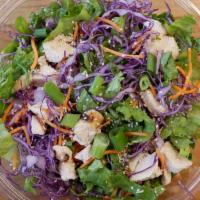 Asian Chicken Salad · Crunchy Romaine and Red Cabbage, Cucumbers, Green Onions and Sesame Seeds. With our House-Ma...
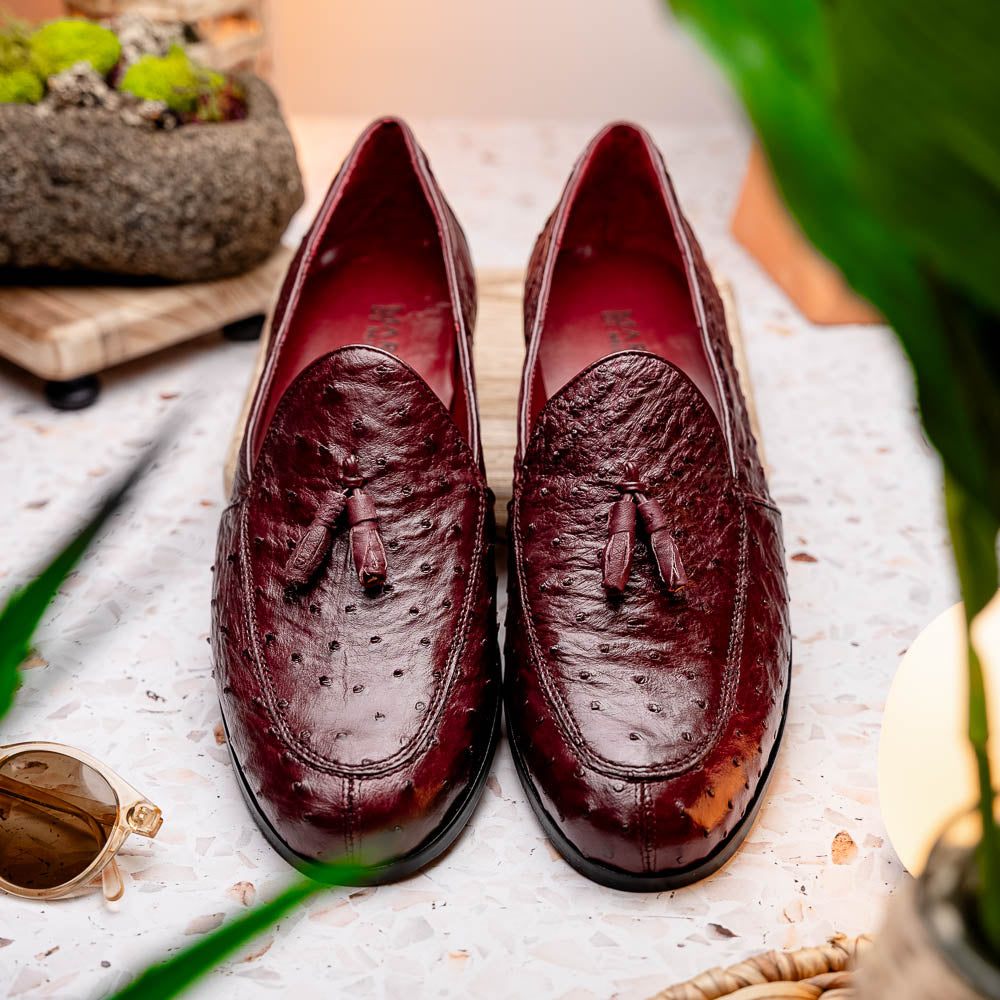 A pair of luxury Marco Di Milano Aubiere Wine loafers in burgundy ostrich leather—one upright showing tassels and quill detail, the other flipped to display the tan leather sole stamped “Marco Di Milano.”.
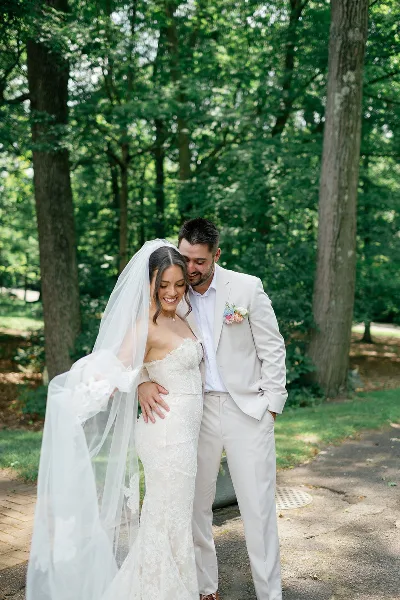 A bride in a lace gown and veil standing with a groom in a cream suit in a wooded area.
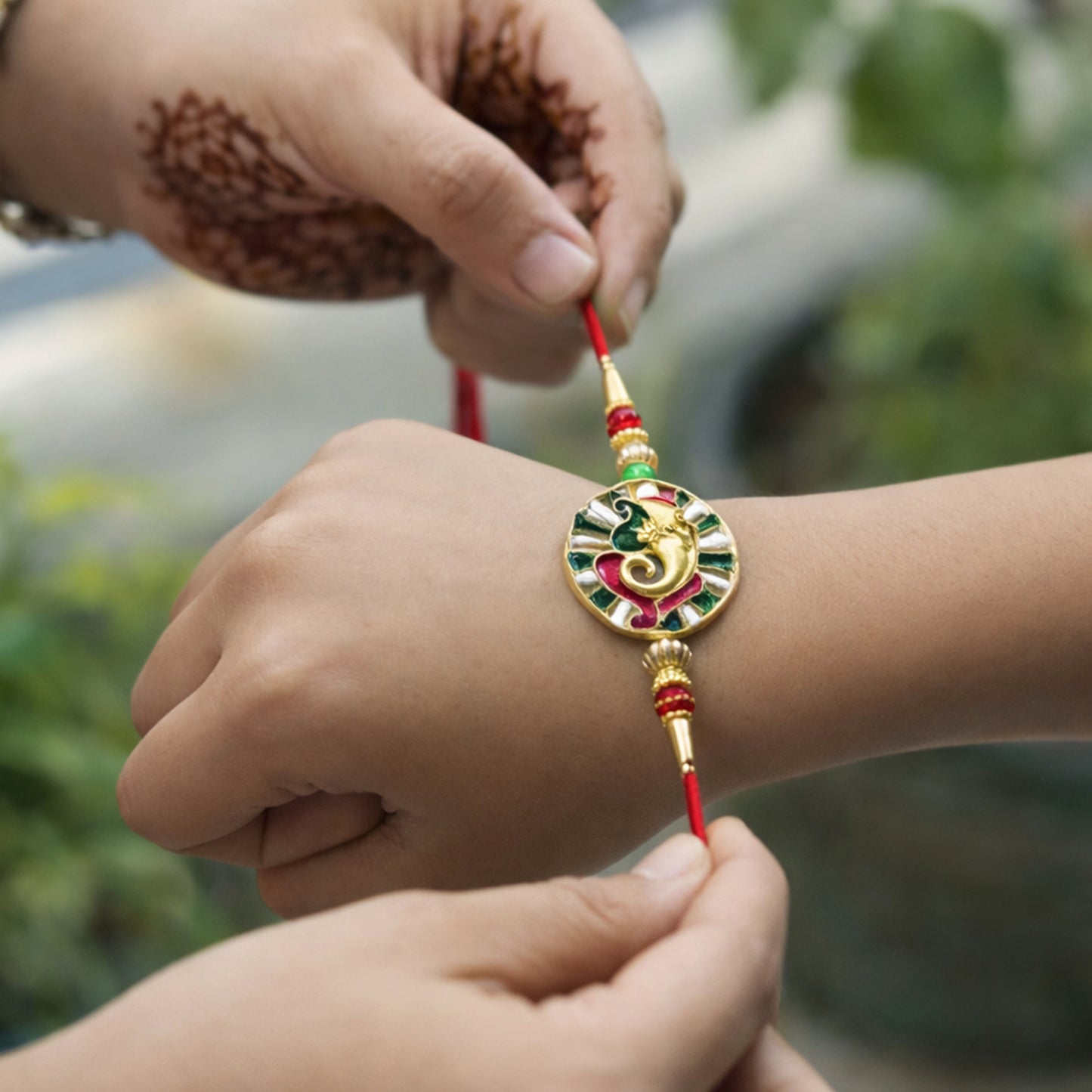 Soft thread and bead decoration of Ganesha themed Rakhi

┄┄┄┄┄┄

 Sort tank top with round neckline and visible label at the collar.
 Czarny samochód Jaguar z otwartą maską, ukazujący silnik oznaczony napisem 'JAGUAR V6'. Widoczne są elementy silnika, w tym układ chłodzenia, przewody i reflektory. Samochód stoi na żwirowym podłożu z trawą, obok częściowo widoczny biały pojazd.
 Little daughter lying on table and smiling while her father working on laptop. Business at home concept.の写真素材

┄┄┄┄┄┄

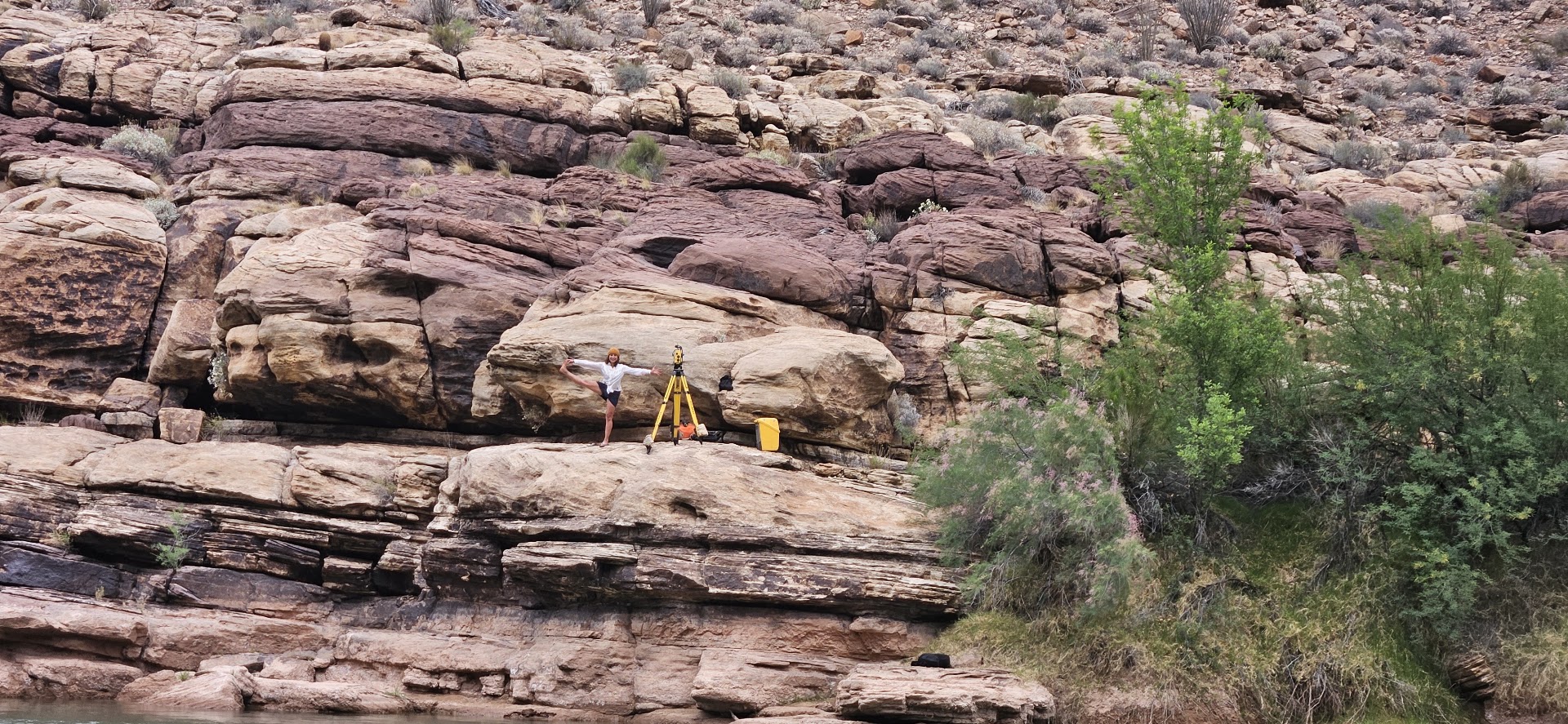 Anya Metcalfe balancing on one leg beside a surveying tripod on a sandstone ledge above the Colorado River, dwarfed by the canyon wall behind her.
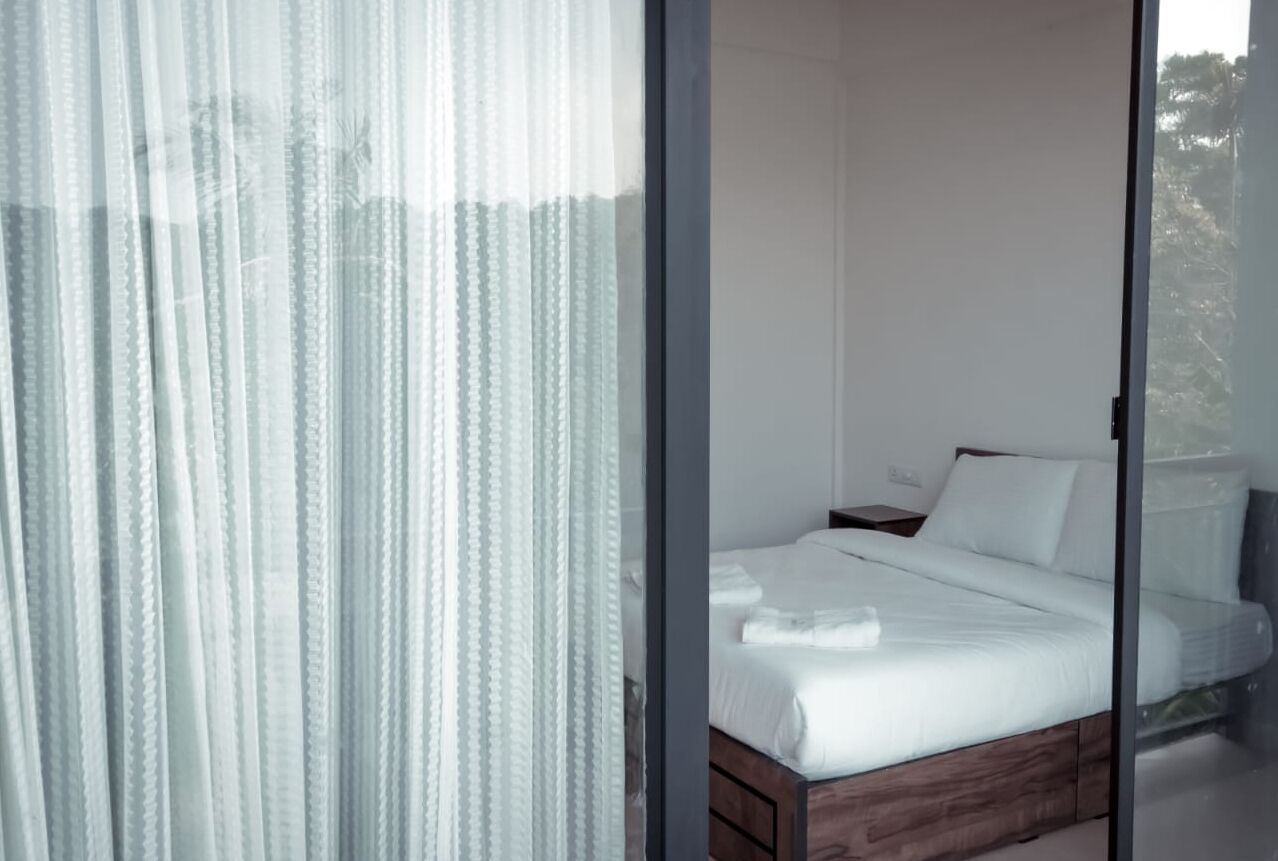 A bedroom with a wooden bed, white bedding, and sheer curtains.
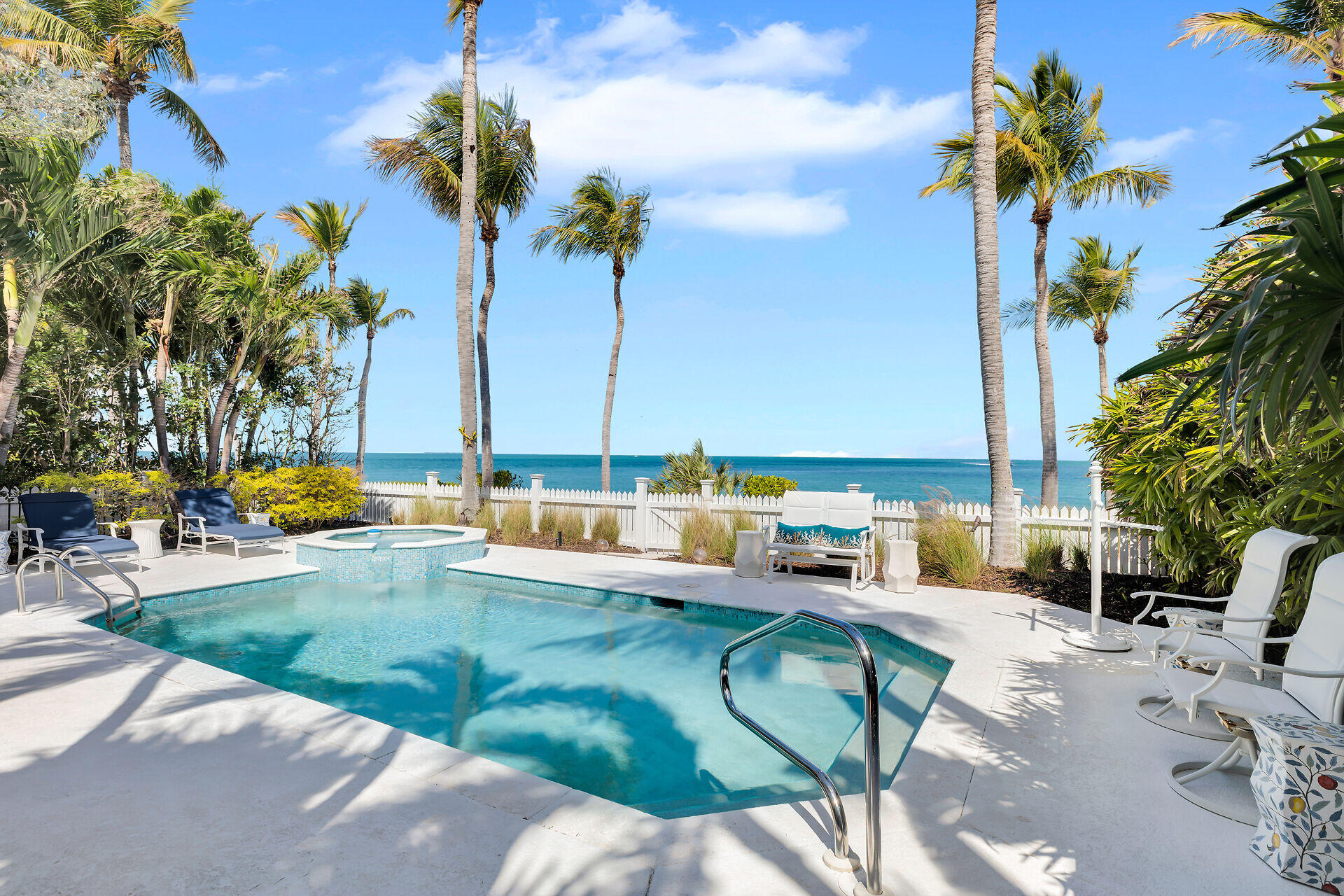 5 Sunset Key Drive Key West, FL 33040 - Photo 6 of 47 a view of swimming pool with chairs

┄┄┄┄┄┄

## [Requirement]
Given the records above, return the lines starting at the one that holds "Asian Chicken Salad" and ending at the one that holds "Soft thread and", exactly, and nothing besides; leave every picture out.

## [Exercise answer]
 Asian Chicken Salad · Crunchy Romaine and Red Cabbage, Cucumbers, Green Onions and Sesame Seeds. With our House-Ma...
 A pair of luxury Marco Di Milano Aubiere Wine loafers in burgundy ostrich leather—one upright showing tassels and quill detail, the other flipped to display the tan leather sole stamped “Marco Di Milano.”.
 A bride in a lace gown and veil standing with a groom in a cream suit in a wooded area.
 Soft thread and bead decoration of Ganesha themed Rakhi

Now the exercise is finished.